There are 2 methods of doing this in DTS 2005. The first method is analogous to the first SQL statement above whereas the second method builds on some of the new functionality in DTS 2005.
We’re going to need a source and destination table for demonstration purposes. Let’s create them now.

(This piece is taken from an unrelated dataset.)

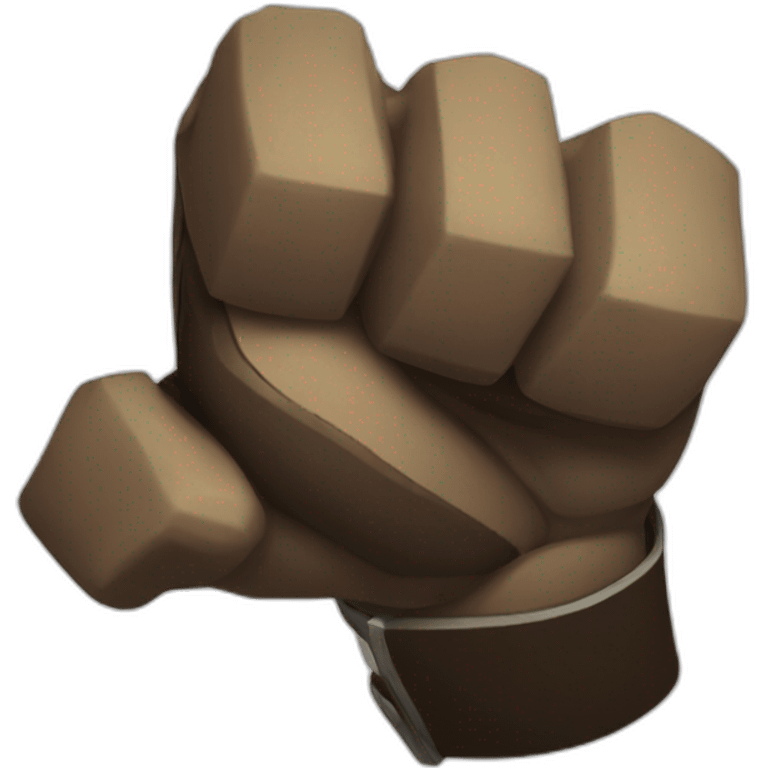 Doomfist punching emoji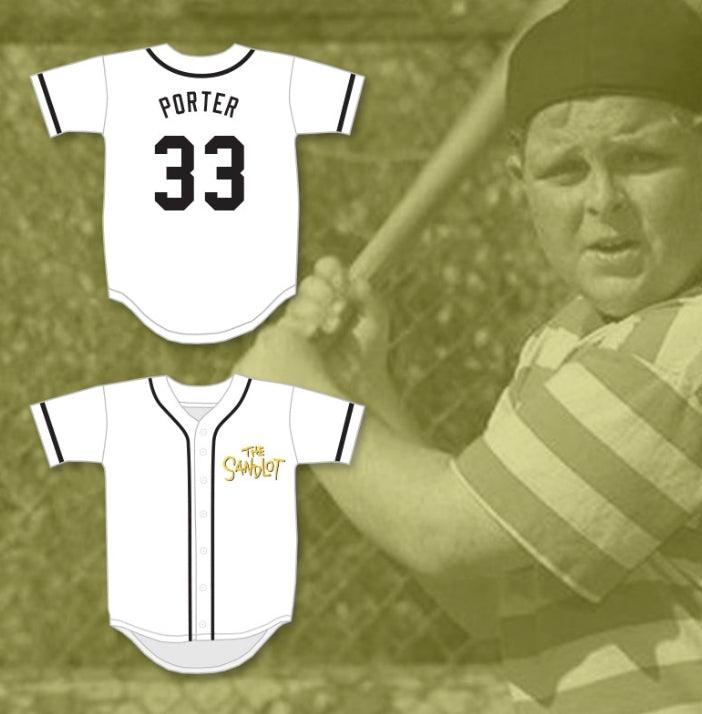Camiseta de béisbol HAMILTON 'HAM' PORTER 33 THE SANDLOT con cualquier nombre y número, cosida, tallas S-6XL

For simplicity we are going to place the tables into the same database.
IF EXISTS (SELECT * FROM sys.tables WHERE NAME = 'STG_DATE') DROP TABLE STG_DATE CREATE TABLE STG_DATE ( DateID INT NOT NULL PRIMARY KEY , TheDate DATETIME NOT NULL , DayOfMonth INT NOT NULL , DayOfYear INT NOT NULL , DayOfWeek INT NOT NULL , DayName VARCHAR(9) NOT NULL , WeekOfYear INT NOT NULL , WeekName VARCHAR(7) NOT NULL , MonthOfYear INT NOT NULL , MonthName VARCHAR(9) NOT NULL , Quarter INT NOT NULL , QuarterName CHAR(7) NOT NULL , Year INT NOT NULL , Hour INT NOT NULL , Minute INT NOT NULL , Second INT NOT NULL , IsWeekday BIT NOT NULL , DayOfQuarter INT NOT NULL ) IF EXISTS (SELECT * FROM sys.tables WHERE NAME = 'DIM_DATE') DROP TABLE DIM_DATE CREATE TABLE DIM_DATE ( DateID INT NOT NULL PRIMARY KEY , TheDate DATETIME NOT NULL , DayOfMonth INT NOT NULL , DayOfYear INT NOT NULL , DayOfWeek INT NOT NULL , DayName VARCHAR(9) NOT NULL , WeekOfYear INT NOT NULL , WeekName VARCHAR(7) NOT NULL , MonthOfYear INT NOT NULL , MonthName VARCHAR(9) NOT NULL , Quarter INT NOT NULL , QuarterName CHAR(7) NOT NULL , Year INT NOT NULL , Hour INT NOT NULL , Minute INT NOT NULL , Second INT NOT NULL , IsWeekday BIT NOT NULL , DayOfQuarter INT NOT NULL )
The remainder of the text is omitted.